You are currently viewing Prologue

“Don’t buy waterproof hiking shoes,” the experts recommend. “There are too many river crossings. You’ll find non-waterproof footwear dry quicker in the end.”

I have lost count of today’s river crossings. It is May 22, 2019, one month into my Pacific Crest Trail (PCT) hike, in America’s Pacific Northwest. Five more months left before I complete one of the world’s most challenging long-distance hikes. How can it be 5°C today, a good ten degrees cooler than Sydney’s coldest winter’s day, a week out from summer? What’s going on? Nippy beyond belief, I’m not enjoying these conditions one bit and suffering big time.  

Sizeable chunks of gelatinous blood clots escape my nostrils. A grimace each time I knock my fingers’ deeply cracked cuticles. Every toe stings and throbs. Bizarrely enough, a wet shoe provides brief relief. The cold water numbs my feet and I forget grit-embedded socks. Until they dry a coarse sandpaper texture and wreak further havoc.

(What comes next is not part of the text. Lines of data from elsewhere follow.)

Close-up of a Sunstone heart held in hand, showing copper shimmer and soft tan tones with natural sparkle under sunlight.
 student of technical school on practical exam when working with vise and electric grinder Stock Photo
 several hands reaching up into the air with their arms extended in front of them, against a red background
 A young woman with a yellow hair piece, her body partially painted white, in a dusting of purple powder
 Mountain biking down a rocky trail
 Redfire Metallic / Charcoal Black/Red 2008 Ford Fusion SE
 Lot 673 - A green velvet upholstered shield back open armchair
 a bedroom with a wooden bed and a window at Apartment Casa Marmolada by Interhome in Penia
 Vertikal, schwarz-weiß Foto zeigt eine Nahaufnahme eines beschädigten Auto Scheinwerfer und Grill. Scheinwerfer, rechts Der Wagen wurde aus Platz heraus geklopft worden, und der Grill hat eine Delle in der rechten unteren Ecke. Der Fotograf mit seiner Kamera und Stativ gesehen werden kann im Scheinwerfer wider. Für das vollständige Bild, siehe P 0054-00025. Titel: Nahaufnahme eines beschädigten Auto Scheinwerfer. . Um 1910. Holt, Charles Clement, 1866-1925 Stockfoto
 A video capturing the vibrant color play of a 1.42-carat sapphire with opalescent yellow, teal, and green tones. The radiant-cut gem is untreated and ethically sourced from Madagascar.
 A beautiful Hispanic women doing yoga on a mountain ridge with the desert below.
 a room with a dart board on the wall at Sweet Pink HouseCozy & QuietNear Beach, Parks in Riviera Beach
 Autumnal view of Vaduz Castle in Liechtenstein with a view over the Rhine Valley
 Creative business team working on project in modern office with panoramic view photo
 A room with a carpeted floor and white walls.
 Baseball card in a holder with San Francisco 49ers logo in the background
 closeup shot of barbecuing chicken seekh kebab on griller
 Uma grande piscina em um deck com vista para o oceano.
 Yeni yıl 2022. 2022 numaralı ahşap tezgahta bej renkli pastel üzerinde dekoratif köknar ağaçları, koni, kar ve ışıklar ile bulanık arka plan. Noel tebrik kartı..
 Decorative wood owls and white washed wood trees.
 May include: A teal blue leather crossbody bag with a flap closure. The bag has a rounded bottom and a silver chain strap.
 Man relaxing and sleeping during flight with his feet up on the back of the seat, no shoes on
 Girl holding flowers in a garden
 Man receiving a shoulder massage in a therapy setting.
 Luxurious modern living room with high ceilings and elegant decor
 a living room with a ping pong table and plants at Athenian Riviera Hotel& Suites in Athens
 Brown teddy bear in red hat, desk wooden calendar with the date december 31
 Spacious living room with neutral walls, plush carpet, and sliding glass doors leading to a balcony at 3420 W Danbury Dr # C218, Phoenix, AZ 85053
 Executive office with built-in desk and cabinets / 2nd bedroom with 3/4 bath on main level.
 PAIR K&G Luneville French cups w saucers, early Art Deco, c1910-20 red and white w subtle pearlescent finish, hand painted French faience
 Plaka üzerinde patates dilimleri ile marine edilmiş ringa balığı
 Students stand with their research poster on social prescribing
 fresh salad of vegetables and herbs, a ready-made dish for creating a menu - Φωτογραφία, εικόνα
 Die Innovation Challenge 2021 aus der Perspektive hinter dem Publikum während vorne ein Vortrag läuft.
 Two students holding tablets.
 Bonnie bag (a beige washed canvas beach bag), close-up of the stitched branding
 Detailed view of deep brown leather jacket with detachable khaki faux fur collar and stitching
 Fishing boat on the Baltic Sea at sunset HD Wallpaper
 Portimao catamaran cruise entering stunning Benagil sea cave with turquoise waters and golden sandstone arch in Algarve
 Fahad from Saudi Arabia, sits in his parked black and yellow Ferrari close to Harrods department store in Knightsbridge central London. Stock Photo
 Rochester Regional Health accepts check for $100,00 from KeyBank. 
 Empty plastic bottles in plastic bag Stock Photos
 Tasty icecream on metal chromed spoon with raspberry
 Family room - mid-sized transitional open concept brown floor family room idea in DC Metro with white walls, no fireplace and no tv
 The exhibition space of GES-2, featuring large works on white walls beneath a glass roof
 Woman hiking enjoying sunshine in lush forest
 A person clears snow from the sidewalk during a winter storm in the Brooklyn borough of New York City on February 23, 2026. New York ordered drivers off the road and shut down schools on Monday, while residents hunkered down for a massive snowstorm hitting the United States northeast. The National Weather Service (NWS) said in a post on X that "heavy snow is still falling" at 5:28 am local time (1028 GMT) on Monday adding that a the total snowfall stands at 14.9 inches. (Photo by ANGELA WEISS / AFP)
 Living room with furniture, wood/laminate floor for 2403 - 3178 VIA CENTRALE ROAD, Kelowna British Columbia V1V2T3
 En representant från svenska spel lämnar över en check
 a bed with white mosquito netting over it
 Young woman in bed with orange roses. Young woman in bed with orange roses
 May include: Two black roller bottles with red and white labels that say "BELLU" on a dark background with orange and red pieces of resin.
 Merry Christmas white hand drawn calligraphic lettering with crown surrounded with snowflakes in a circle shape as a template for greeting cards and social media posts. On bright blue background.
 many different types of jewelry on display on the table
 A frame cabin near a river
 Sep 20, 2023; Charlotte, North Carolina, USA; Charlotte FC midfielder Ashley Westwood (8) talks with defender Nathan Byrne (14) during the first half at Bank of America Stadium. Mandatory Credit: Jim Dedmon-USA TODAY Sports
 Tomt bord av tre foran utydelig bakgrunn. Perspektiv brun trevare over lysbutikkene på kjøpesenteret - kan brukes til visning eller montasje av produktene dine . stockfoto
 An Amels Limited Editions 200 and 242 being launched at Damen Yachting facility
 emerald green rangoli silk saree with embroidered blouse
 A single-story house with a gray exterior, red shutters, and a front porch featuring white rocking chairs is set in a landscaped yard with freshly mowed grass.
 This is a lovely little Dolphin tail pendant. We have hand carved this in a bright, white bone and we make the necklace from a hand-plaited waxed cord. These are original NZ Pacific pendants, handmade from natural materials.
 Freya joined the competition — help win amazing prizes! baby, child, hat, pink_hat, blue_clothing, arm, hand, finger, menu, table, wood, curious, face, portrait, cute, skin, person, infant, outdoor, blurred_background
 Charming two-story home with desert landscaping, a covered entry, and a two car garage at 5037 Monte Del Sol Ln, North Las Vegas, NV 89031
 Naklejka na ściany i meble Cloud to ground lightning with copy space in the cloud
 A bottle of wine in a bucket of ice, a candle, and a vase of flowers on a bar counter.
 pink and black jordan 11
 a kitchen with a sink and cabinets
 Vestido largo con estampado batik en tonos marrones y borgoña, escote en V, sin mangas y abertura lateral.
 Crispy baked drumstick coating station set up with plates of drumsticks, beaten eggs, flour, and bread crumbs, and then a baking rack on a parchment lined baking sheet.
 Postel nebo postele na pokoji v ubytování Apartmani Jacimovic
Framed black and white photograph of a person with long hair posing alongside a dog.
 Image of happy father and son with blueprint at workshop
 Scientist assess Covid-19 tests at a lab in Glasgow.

My walking partner is experiencing equal trauma and challenge after this morning’s six-hour hike. A weak sun, the only reprieve from our current misery. We shelter amongst the rubble along the river’s edge in frigid desert conditions and use this opportunity to filter clean water and eat lunch. We stuff a gag-inducing tuna tortilla creation in our mouths before the biting wind forces us to resume our hike.

Recent landslides at Holcomb Crossing near Deep Creek, a tributary of the Mojave River, have devastated the trail’s official path through this canyon. There is no path to see. We consult our navigation app for guidance. It suggests we follow an obstacle course through the middle of a riverbed to get back on course.

Imagine a 20-metre-wide white-water rafting course full of fallen trees, driftwood, large boulders, jagged debris, and possibly snakes. We stumble on, frightened and alert. Every stepping stone is green, slippery-looking, and partially submerged. Makeshift log crossings, assembled by earlier hikers, look unstable and perilous. We must find protrusions in the water for safe passage before the river deepens further with the afternoon’s rising flow.

I should unbuckle my pack straps in case an unanticipated tumble whisks me downstream. Snagging a strap on a submerged log is all it will take. In 2017, two PCT hikers lost their lives this way. But I forget this vital survival strategy. Relying on my agility and trekking poles alone, I prepare to tackle my next river crossing. Without a run-up, I must leap beyond my normal stride to the safest landing point I can find. And do this several times before I reach dry land on the opposite bank.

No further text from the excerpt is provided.